Independence Day: Resurgence – Oh look, here’s another sequel! And a very postponed one at that. It’s been 20 year’s since the original Independence Day, a record-breaking sci-fi action film in which aliens attacked the earth and it’s monuments—you’ll remember the famous shot of the mothership hovering over, and laser-beaming, the White House. Of course what with aliens being, by their very nature, godless heathens there was no question our side (aka humanity) would win. So here’s what’s going on this time: Using alien technology recovered from the battle, earthlings have built a gigantic defense shield around the planet. But before those nasty aliens died they sent out a distress signal across the universe. It may have taken 20 years for the message to reach HQ, but vengeful aliens are coming … and they are pissed! Jeff Goldblum, Bill Pullman, Judd Hirsch, Vivica A. Fox, and Brent Spiner return from the original, with newbies Liam Hemsworth, Jessie Usher, Sela Ward, and William Fichtner. Writer/director Roland Emmerich (Dean Devlin was a co-writer) has said this is the second installment of an ID trilogy. Let’s all set our watch for 2036 so we can find out how it ends.

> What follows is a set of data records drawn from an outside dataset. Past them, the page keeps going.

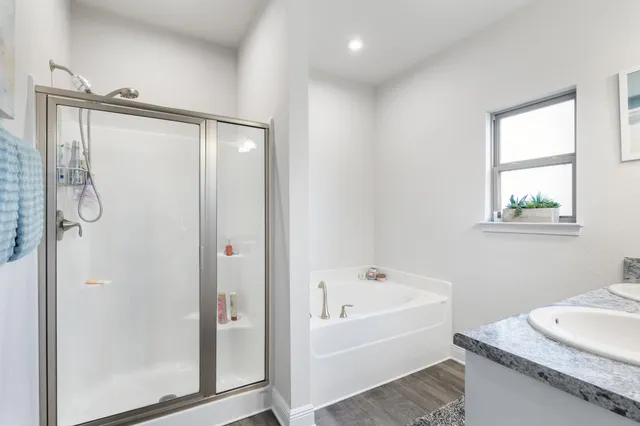 a view of a livingroom with workspace and a couch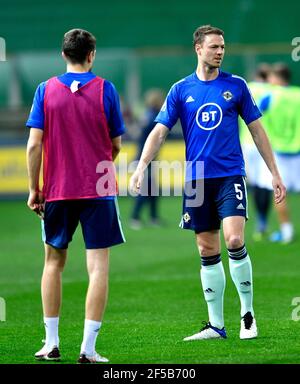 Northern Ireland's Jonny Evans (right) warms up on the pitch ahead of the FIFA 2022 World Cup qualifying group C match at Stadio Ennio Tardini, Parma. Picture date: Thursday March 25, 2021. Stock Photo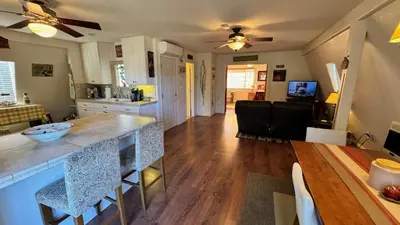 a kitchen and living room with a counter and a table at Julian Barn-Partment in Santa Ysabel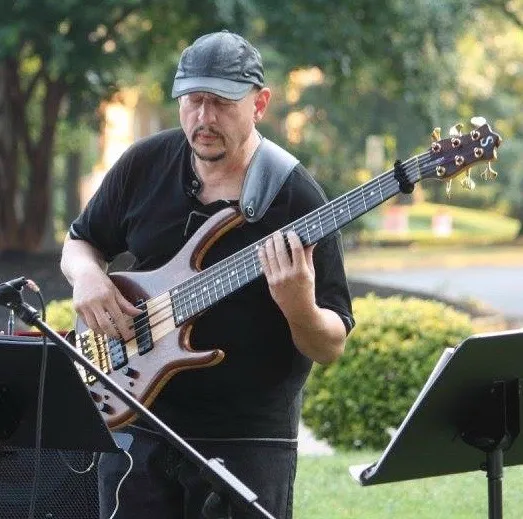 Russ Rodgers playing bass at an outdoor performance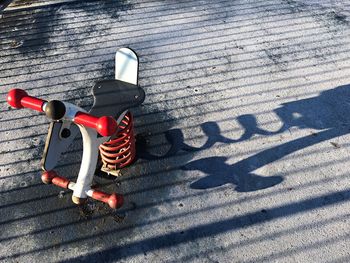 High angle view of bicycle on shadow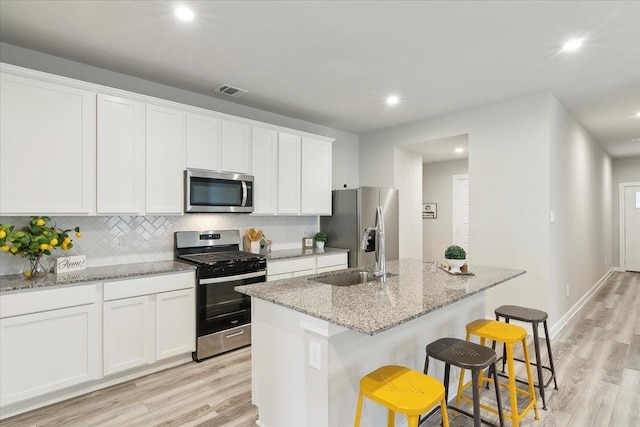 kitchen with white cabinetry, sink, a breakfast bar area, stainless steel appliances, and a center island with sink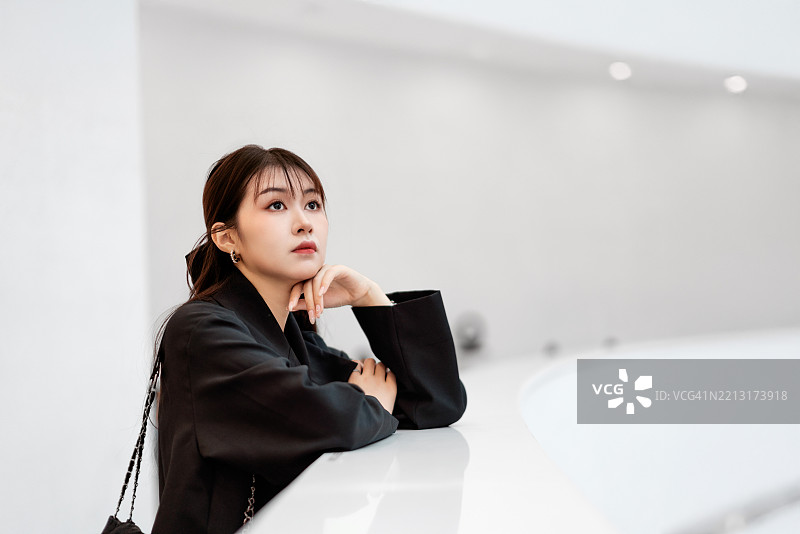 亚洲女性倚靠在现代室内的白色栏杆上。图片素材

Xanadu – Come children, gather ‘round the digital fireplace app and let Grandpa tell you that yes, back in the day there really was something called “Roller Disco” a late 70’s/early 80’s craze which spawned not one but two movies. One of them, Roller Boogie, is all but forgotten … and willfully, no doubt, by it’s star Linda Blair. But as Yoda says in Empire Strikes Back, “there is another,” and that would be Xanadu. Originally conceived as a low-budget flick meant to cash in on the roller disco fad, for reasons no one really understands it began attracting big name talent and wound up starring Olivia Newton-John, just coming off of her white-hot success in Grease, screen legend (and Pittsburgher) Gene Kelly and featuring a score by Electric Light Orchestra. Such high hopes! Until it opened to some of the worst reviews in film history, (although the ELO soundtrack went double platinum.) It was so bad it inspired John J. B. Wilson to invent the “Golden Raspberry Awards” given yearly to the worst efforts limping out of Hollywood. But life’s funny and times change and since it’s 1980 debut, Xanadu has become a huge cult favorite … even going so far as to spawn a campy 2007 Broadway musical version. I’d explain, or rather try to explain, the plot but you’d never believe it. (June 10-12)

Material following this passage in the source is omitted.